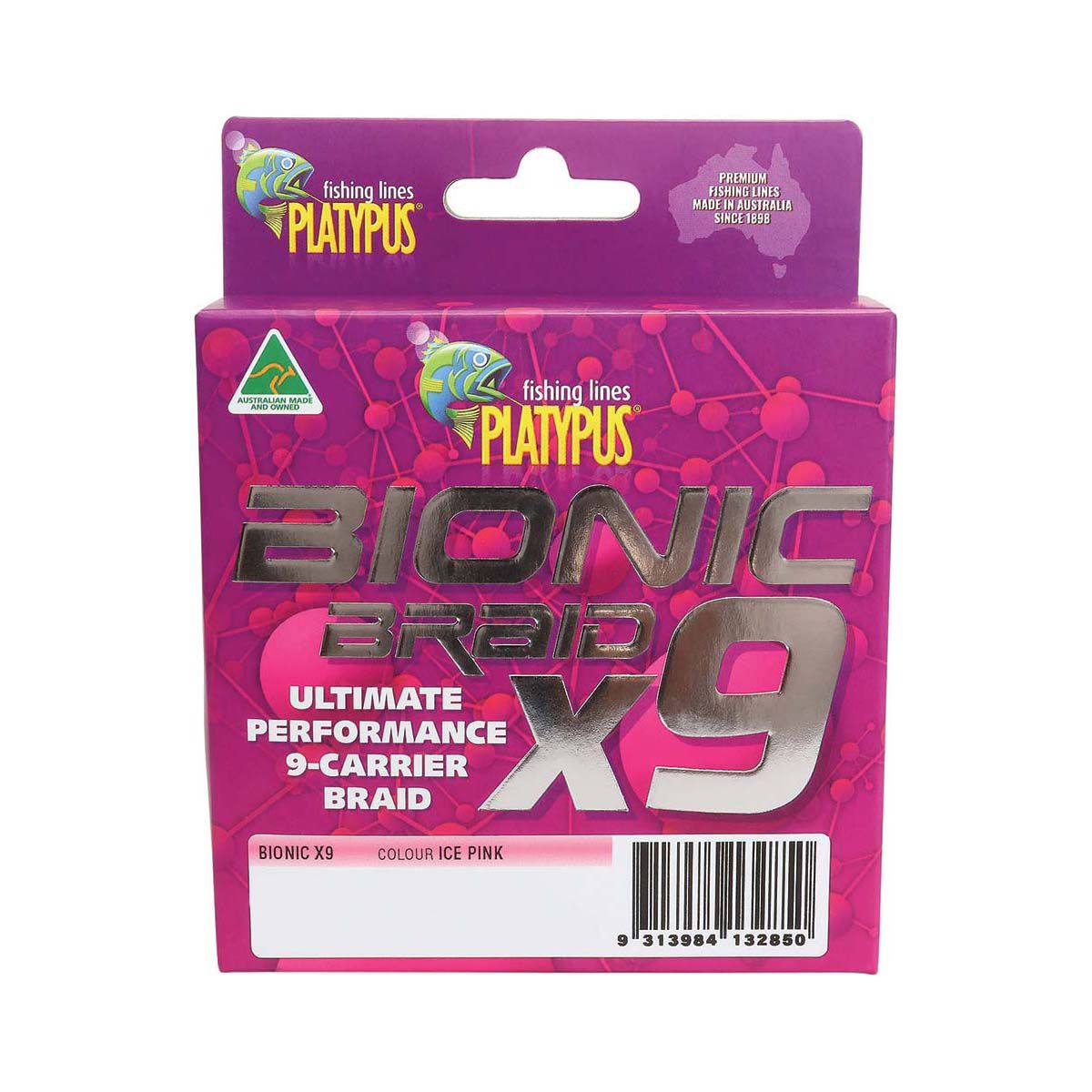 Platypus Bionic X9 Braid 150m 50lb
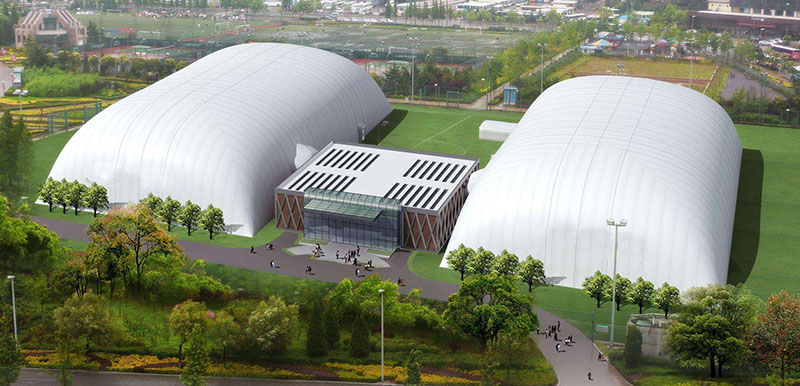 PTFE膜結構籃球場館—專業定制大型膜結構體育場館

* * *

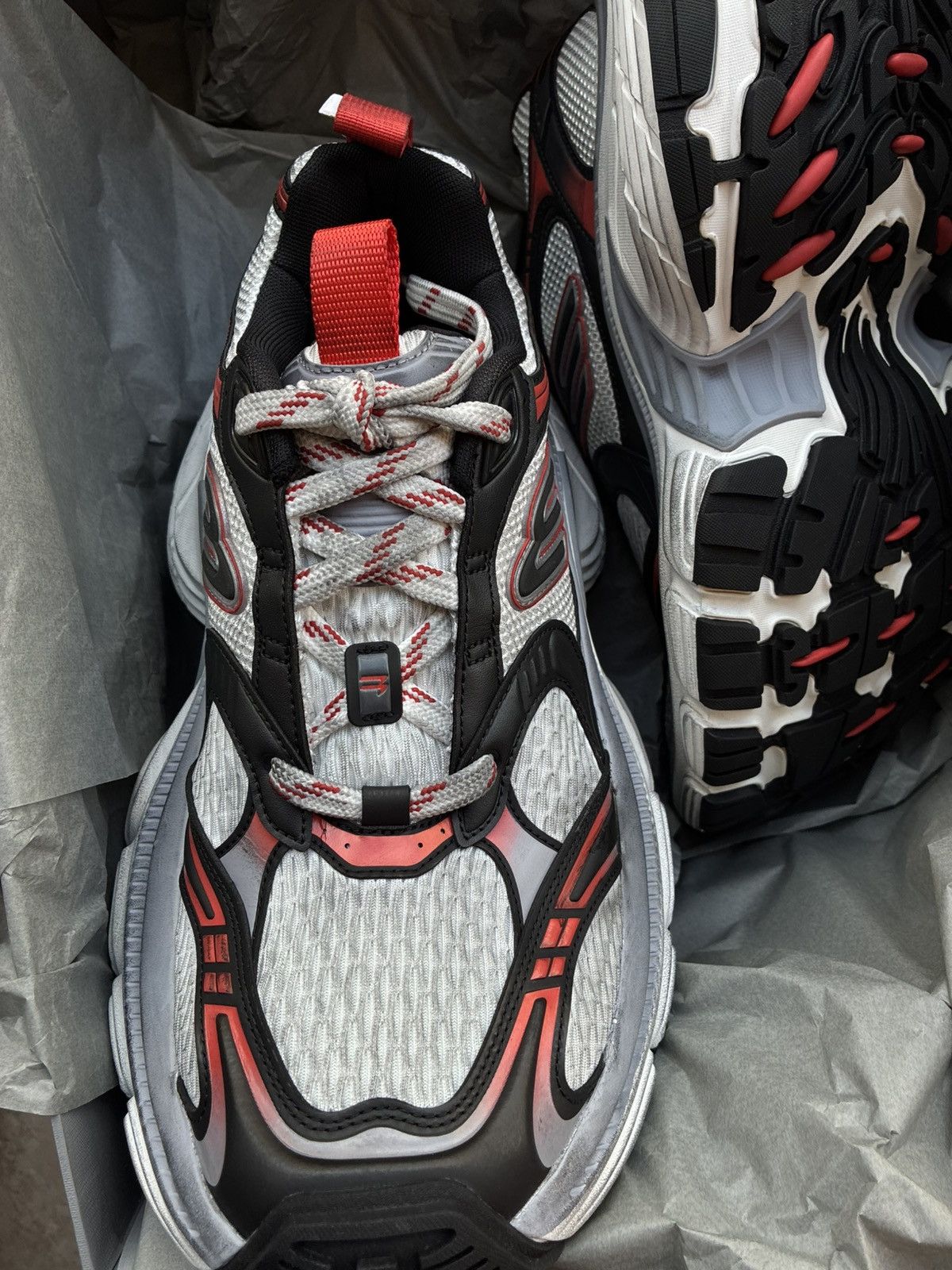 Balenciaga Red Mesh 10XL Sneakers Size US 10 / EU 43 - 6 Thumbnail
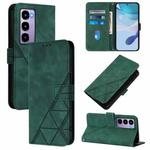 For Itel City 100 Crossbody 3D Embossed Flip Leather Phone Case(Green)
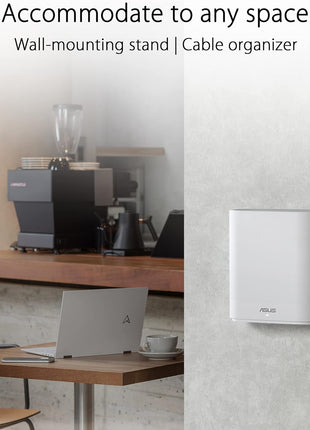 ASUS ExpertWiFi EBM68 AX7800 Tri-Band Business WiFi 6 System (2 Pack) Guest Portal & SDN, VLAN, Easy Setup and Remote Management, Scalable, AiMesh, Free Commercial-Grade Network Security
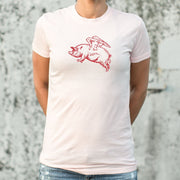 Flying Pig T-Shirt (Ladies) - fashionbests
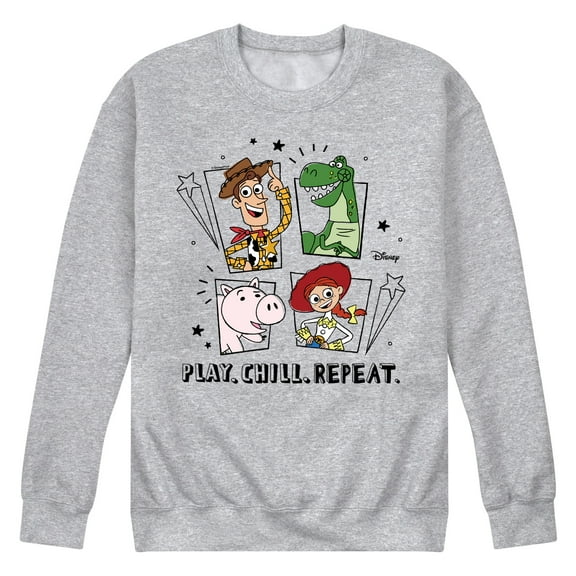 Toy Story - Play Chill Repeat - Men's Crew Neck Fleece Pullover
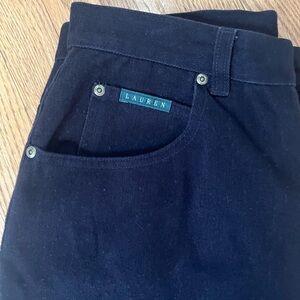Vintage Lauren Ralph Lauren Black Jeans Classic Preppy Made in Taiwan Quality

▶ **What to produce**: From the material above, reproduce only what runs from the line holding "Balenciaga Red Mesh" down to the line holding "ASUS ExpertWiFi EBM68", both included, pictures excluded.

▶ **Your response**:
 Balenciaga Red Mesh 10XL Sneakers Size US 10 / EU 43 - 6 Thumbnail
 For Itel City 100 Crossbody 3D Embossed Flip Leather Phone Case(Green)
 ASUS ExpertWiFi EBM68 AX7800 Tri-Band Business WiFi 6 System (2 Pack) Guest Portal & SDN, VLAN, Easy Setup and Remote Management, Scalable, AiMesh, Free Commercial-Grade Network Security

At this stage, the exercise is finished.